Find the number of numbers. That's 1 to 50, effectively just counting on your fingers, which is 50 numbers.

Therefore, we find average * (# of #s) = 51/2 * 50 = 51 * 25 (note here that I've actually divided the 50 by 2 rather than the 51 because the answer is the same and 25.5 is annoying to work with).

51*25 = 1275. Answer C.

So... my issue with the (n(n+1))/2 thing is that this equation assumes we're starting from 1. What does this mean?

Well, the numbers 1 to n would be n numbers. The average of the integers 1 to n would be (1+n)/2. If we put these into average * (# of #s), we find (n*(1+n)/2) = (n(n+1)/2).

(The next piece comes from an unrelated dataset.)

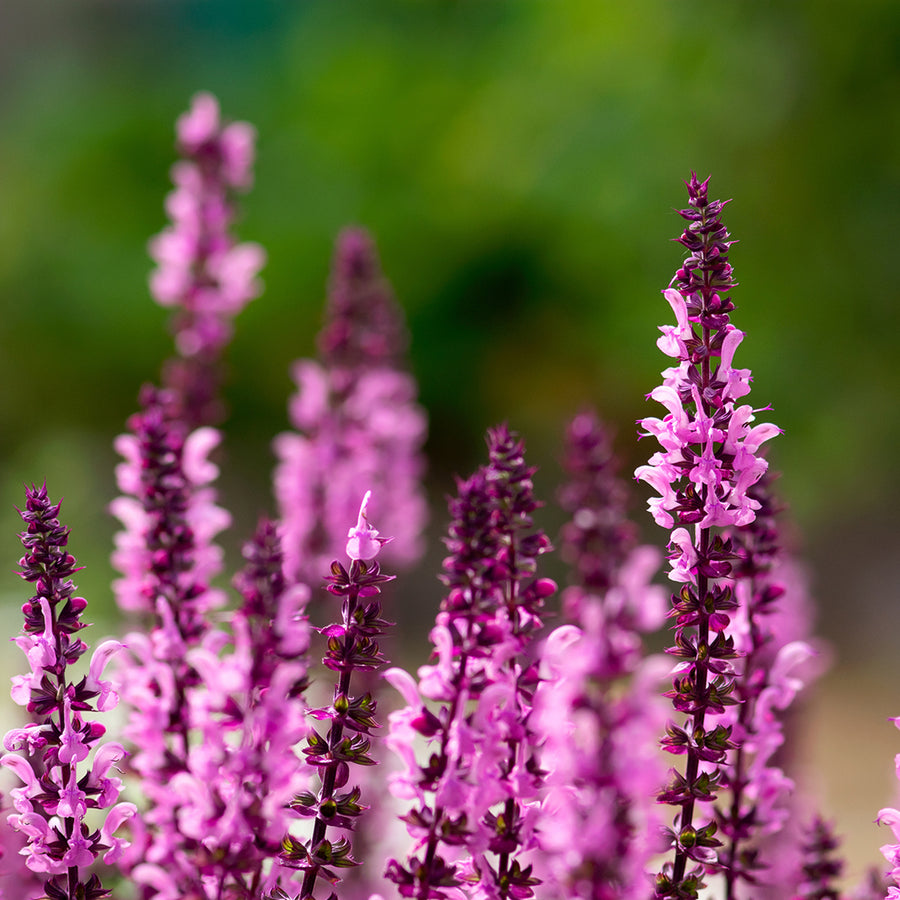 Salvia 'Pink Inspiration' Salvia 'Pink Inspiration' image2 2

Now in this case that works well because we are starting with 1. Then consider a case such as "the sum of all the even integers from 100 to 300 inclusive" and good luck with the equation, at least under GRE time constraints: you'd have to do the equation for 301 and then 99 and subtract, which is time-consuming versus just finding the average and the number of numbers.

Remember, you must understand the concept thoroughly before using any equation or the GRE will trip you (just because it can). In this case, as in many, knowing the concept actually makes the solution easier than simply plugging and chugging.